Gazap duygusu da böyledir. Evet, bu duygu da, denge üzere temsil edilmesi hâlinde insanı yükselten, onu hakikatlerle buluşturan ışıktan bir merdivene dönüşebilir. Böyle bir his, ihkak-ı hak edip hakkı bulma şeklinde ortaya çıktığı takdirde adalet şeklinde tecellî eder. Hz. Ömer (radıyallahu anh), Müslüman olmadan evvel insanlar arasında sert mizaçlı tanındığı için, Hz. Ebû Bekir tarafından devlet başkanlığına tavsiye edildiğinde sahabe, “Allah’ın huzuruna gittiğin zaman sana, bu insanı başımıza getirdiğin sorulursa, ne diyeceksin?” şeklinde itiraz eder; Hz. Ebû Bekir (radıyallahu anh), Ömer’deki o duygunun ihkak-ı hak ve adalet şeklinde tecellî edeceğini bildiği için, emin bir edayla, “Ben, benden sonra insanların en hayırlısını insanların başına getirdiğimi söylerim.” demiştir.
Evet, ilk halife isabet buyurmuşlardı; Hz.

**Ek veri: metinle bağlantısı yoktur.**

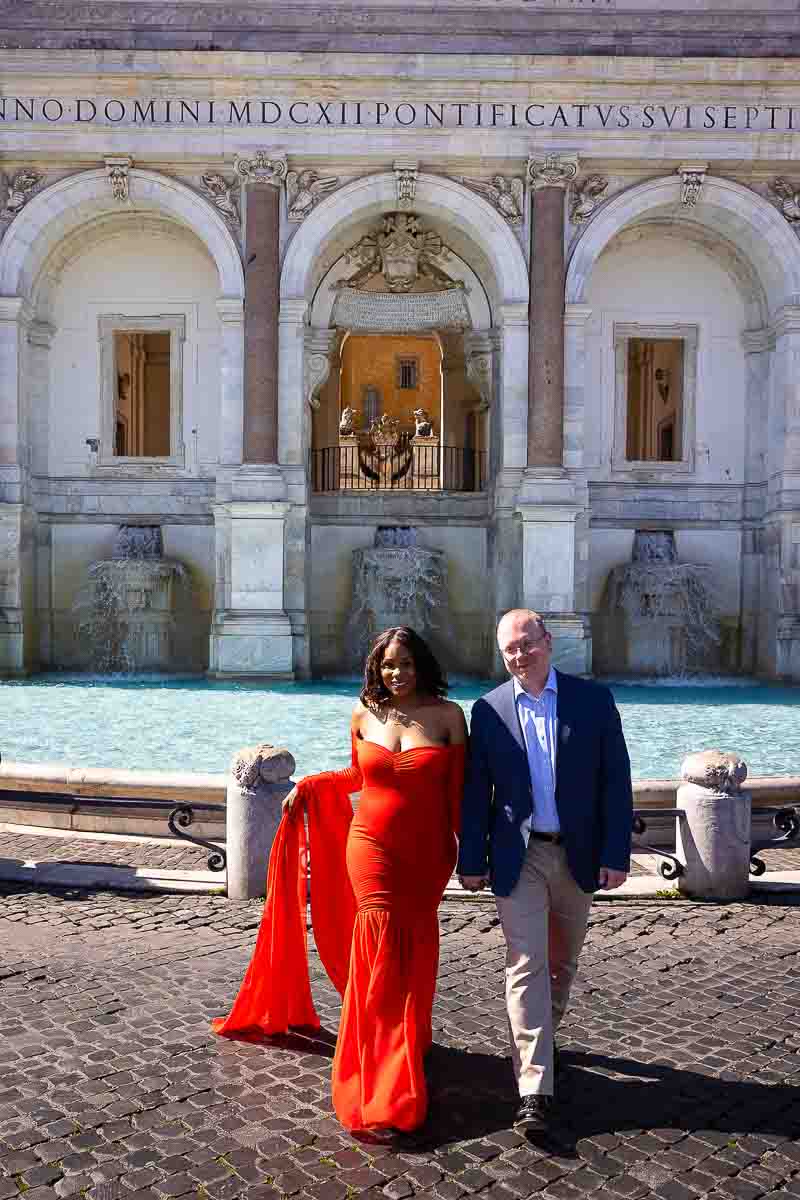 Walking hand in hand during a pregnancy photography session in Rome Italy with a professional photographer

Ömer hiç de bazılarının görüp değerlendirdiği gibi değildi; ondaki sertlik, adalet hâline gelmiş ve hilafeti boyunca kılı kırk yararcasına bir istikamet içinde yaşamıştı. Bazen zâhirde mizaç sert görünebilir; ama her zaman onun Ömerî bir hâl alması mümkündür.
O hâlde aynı müessesede çalışan insanlar kendi aralarında “hırgür”e vesile olabilecek bu türlü madenlerle donatılmış bulunduklarını düşünerek demeliler ki, bunları mahiyetimize Allah koydu, dolayısıyla onlar yer yer tesirlerini icra edecekler. Ne var ki eğer dişimizi sıkar da katlanabilirsek amudî veli olma yolları da açık demektir.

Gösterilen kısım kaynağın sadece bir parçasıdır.